## How to complete this task
Find "Tende Pieghevoli su", then copy its line and every later line of the entries exactly through the end, leaving all pictures out.

----------

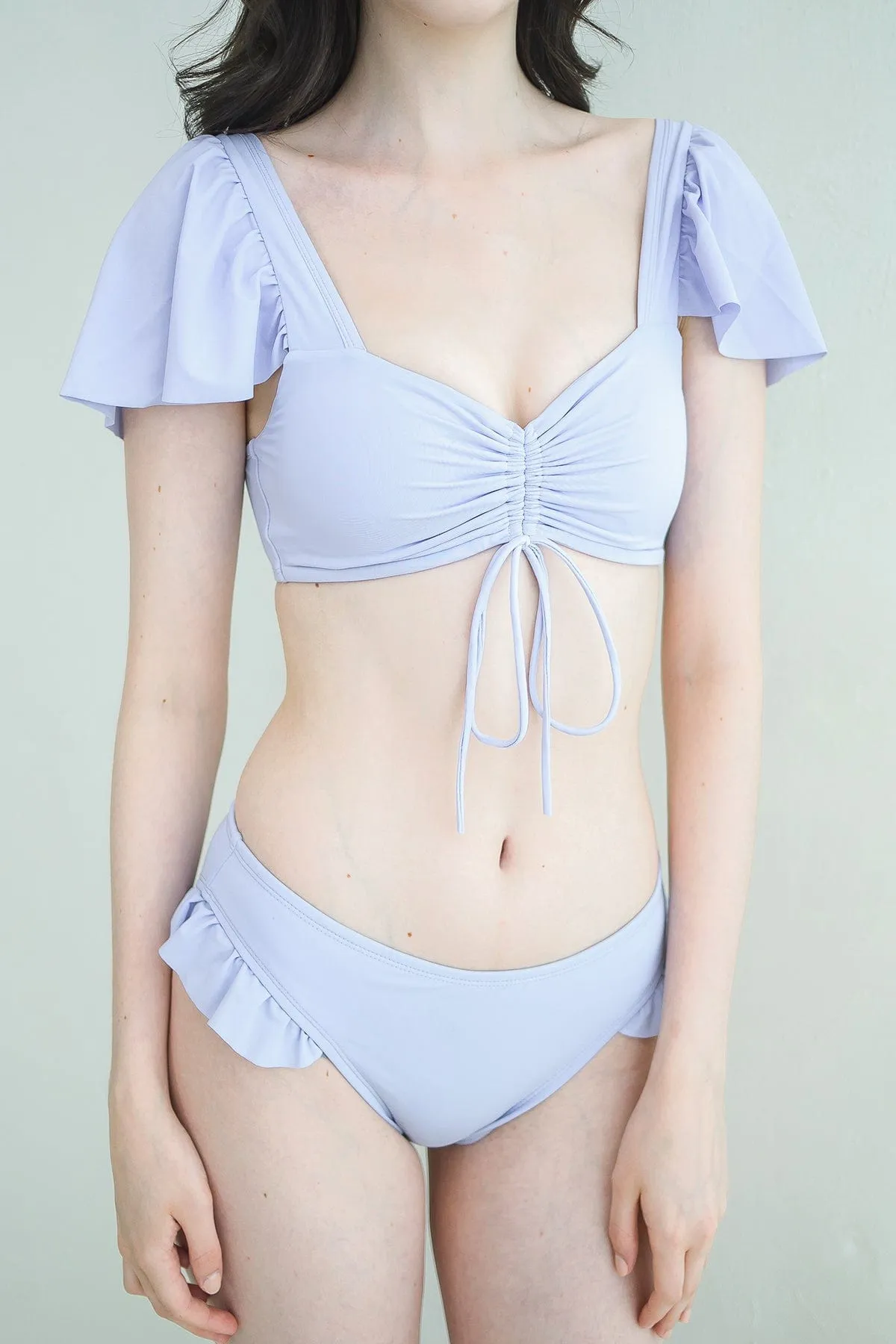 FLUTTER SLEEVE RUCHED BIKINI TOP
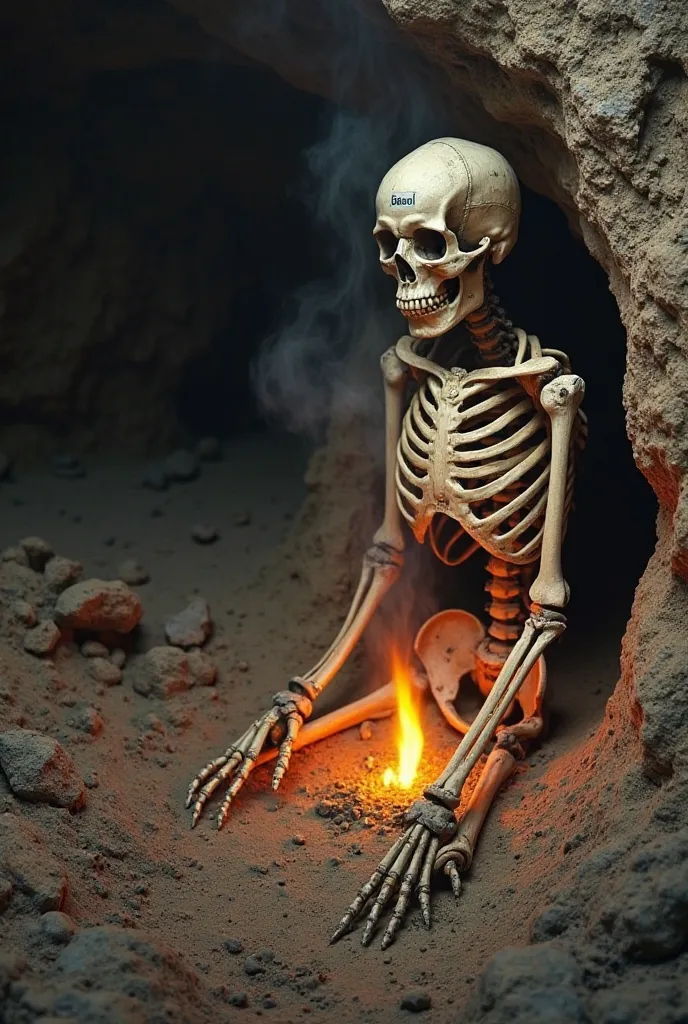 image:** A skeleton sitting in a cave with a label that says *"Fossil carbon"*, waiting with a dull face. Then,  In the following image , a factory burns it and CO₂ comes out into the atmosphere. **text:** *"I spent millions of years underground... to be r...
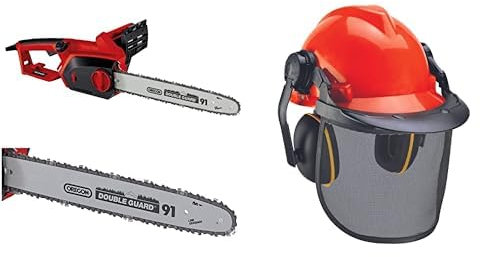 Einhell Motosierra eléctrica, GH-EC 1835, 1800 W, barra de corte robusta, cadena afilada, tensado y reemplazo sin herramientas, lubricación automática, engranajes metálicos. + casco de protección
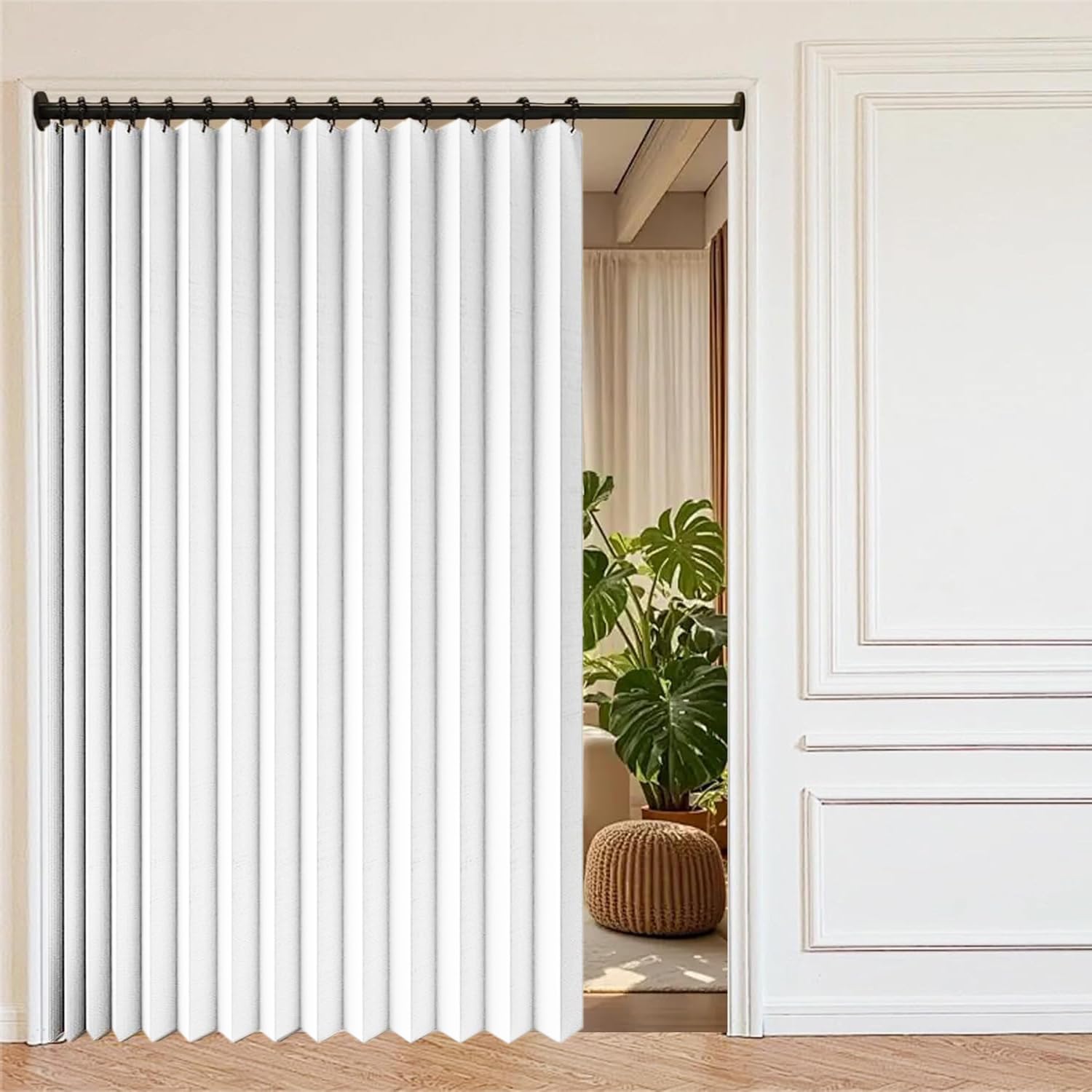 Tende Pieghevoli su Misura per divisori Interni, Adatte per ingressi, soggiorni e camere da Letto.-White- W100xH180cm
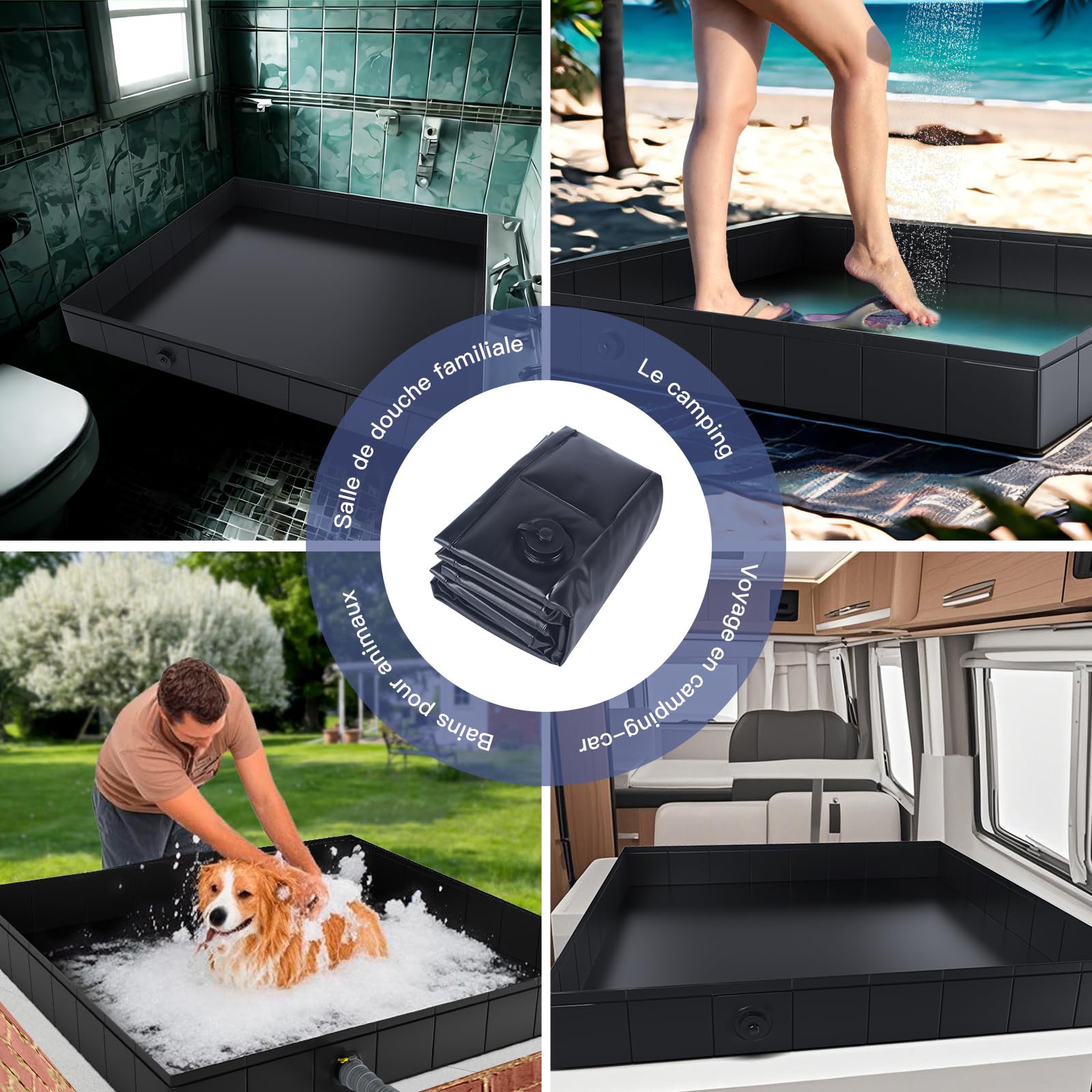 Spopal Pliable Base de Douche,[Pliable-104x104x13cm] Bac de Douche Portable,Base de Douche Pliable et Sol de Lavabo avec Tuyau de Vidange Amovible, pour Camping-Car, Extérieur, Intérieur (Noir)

----------

## Problem solution
 Tende Pieghevoli su Misura per divisori Interni, Adatte per ingressi, soggiorni e camere da Letto.-White- W100xH180cm
 Spopal Pliable Base de Douche,[Pliable-104x104x13cm] Bac de Douche Portable,Base de Douche Pliable et Sol de Lavabo avec Tuyau de Vidange Amovible, pour Camping-Car, Extérieur, Intérieur (Noir)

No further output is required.